-- What you are asked to do --
Would you return all of this data exactly, leaving nothing out?

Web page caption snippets
Content starts

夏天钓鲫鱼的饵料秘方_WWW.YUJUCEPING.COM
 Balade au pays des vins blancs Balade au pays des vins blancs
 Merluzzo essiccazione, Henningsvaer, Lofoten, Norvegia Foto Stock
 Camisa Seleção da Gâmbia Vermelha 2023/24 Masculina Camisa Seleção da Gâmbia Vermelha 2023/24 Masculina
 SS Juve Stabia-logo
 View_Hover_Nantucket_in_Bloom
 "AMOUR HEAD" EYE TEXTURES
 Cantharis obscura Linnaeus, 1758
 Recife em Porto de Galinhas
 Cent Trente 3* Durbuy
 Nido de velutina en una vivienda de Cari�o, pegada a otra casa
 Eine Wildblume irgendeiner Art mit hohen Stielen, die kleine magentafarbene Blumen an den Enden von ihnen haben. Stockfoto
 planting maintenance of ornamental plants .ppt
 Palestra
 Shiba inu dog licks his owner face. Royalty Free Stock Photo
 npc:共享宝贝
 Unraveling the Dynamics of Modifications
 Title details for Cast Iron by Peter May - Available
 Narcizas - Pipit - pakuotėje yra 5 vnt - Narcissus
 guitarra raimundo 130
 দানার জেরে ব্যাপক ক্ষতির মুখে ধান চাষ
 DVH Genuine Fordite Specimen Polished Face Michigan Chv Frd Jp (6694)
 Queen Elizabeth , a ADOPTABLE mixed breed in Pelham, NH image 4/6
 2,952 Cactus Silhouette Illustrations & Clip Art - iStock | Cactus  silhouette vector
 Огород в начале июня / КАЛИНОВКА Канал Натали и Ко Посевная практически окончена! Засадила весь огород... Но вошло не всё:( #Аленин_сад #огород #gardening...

Content ends

-- Response for this exercise --
夏天钓鲫鱼的饵料秘方_WWW.YUJUCEPING.COM
 Balade au pays des vins blancs Balade au pays des vins blancs
 Merluzzo essiccazione, Henningsvaer, Lofoten, Norvegia Foto Stock
 Camisa Seleção da Gâmbia Vermelha 2023/24 Masculina Camisa Seleção da Gâmbia Vermelha 2023/24 Masculina
 SS Juve Stabia-logo
 View_Hover_Nantucket_in_Bloom
 "AMOUR HEAD" EYE TEXTURES
 Cantharis obscura Linnaeus, 1758
 Recife em Porto de Galinhas
 Cent Trente 3* Durbuy
 Nido de velutina en una vivienda de Cari�o, pegada a otra casa
 Eine Wildblume irgendeiner Art mit hohen Stielen, die kleine magentafarbene Blumen an den Enden von ihnen haben. Stockfoto
 planting maintenance of ornamental plants .ppt
 Palestra
 Shiba inu dog licks his owner face. Royalty Free Stock Photo
 npc:共享宝贝
 Unraveling the Dynamics of Modifications
 Title details for Cast Iron by Peter May - Available
 Narcizas - Pipit - pakuotėje yra 5 vnt - Narcissus
 guitarra raimundo 130
 দানার জেরে ব্যাপক ক্ষতির মুখে ধান চাষ
 DVH Genuine Fordite Specimen Polished Face Michigan Chv Frd Jp (6694)
 Queen Elizabeth , a ADOPTABLE mixed breed in Pelham, NH image 4/6
 2,952 Cactus Silhouette Illustrations & Clip Art - iStock | Cactus  silhouette vector
 Огород в начале июня / КАЛИНОВКА Канал Натали и Ко Посевная практически окончена! Засадила весь огород... Но вошло не всё:( #Аленин_сад #огород #gardening...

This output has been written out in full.